Introduction: 8-bit ALU (Arithmetic Logic Unit)
In this Instructable, I will be going through the process of building and understanding the architecture behind an ALU (Arithmetic Logic Unit). The ALU is part of a computer's CPU (central processing unit) and it handles arithmetic and logic operations as the name suggests.

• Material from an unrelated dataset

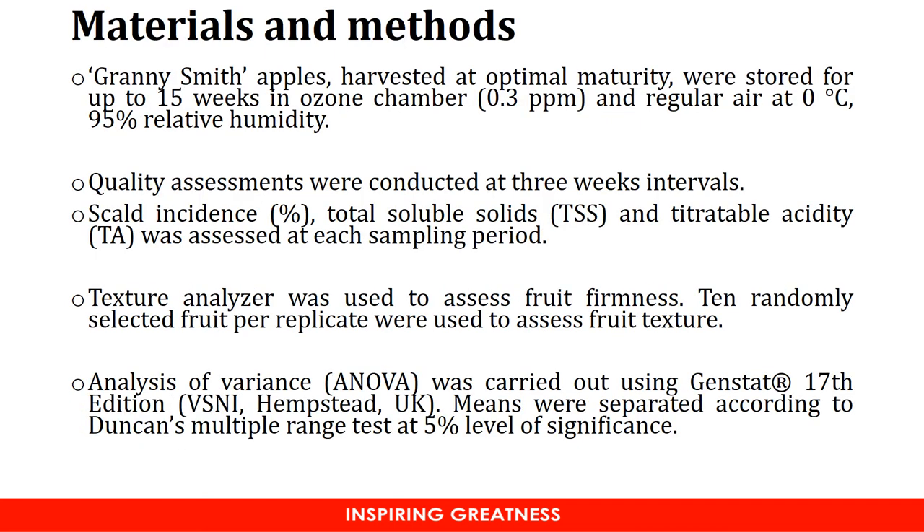Granny Smith apples, harvested at optimal maturity, were stored for up to 15 weeks in an ozone chamber. The concentration of ozone was 0.3 ppm. The control treatment was stored at 0 degrees centigrade at 95% relative humidity. Quality assessments were conducted at 3-week intervals. These included scald incidence, total soluble solids, titratable acidity, as well as fruit firmness.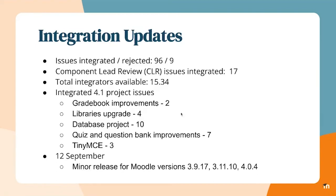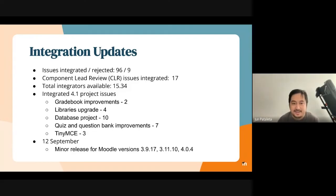Some notable issues that landed for 4.1: we've landed two gradebook improvements, libraries update issues, database project — 10 issues — and some quiz and question bank improvements, and TinyMCE issues. There will be more to come after this week.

The ALU that we will be building is a far simpler version than what may exist on your computer. More complicated ALUs may handle 64-bit numbers and have many more functions than just addition and subtraction. The ALU that will be discussed here will only be able to perform addition and subtraction on 8-bit numbers and will be built from 74HC logic using XOR, AND, and OR gates. All of which will be explained in detail in this instructable.
Supplies
Supplies
- 26 AWG Multicore wire (4 meters)
- 4x 4-way DIP SPST switches
- 1x PTM Switch (through hole)
- 24x 470 Ohm resistors
- 24x 5V LEDs
- 5V Adapter
- 30 cm x 10 cm perf board
- 6x CD4070 (XOR gate)
- 4x LS7408 (AND gate)
- 4x LS7432 (OR gate)
- 5V Adapter
Tools
- Soldering Iron
- Solder
- Wire Cutter/Stripper
- Multimeter
Step 1: Binary
As with most digital circuits, data is transmitted in a binary format. Binary is a numerical system in base 2, meaning binary numbers are composed of either 0s or 1s. 0s can be represented as LOW (GND) signals whereas 1s can be associated with HIGH (for our purposes, 5V) signals. The decimal value of a binary number can be determined by positions of 0s and 1s. Each 1 or 0 value expresses a certain power of 2. Each 1 or 0 is referred to as a bit of data.
Take the 4-bit examples:
[1 0 0 1] = 2^3 + 0 + 0 + 2^0 = 8 + 1 = 9
[1 1 1 1] = 2^3 + 2^2 + 2^1 + 2^0 = 8 + 4 + 2 + 1 = 15
Step 2: Logic
Digital logic refers to the manipulation of binary values using integrated circuits (ICs). These circuits are known as logic gates. There are many types of 'gates', all of which are composed of a specific arrangement of transistors (if you would like to learn more about transistors, I'd recommend the following video from the channel Real Engineering). The three logic gates we will be focused on are AND, OR, and XOR logic gates.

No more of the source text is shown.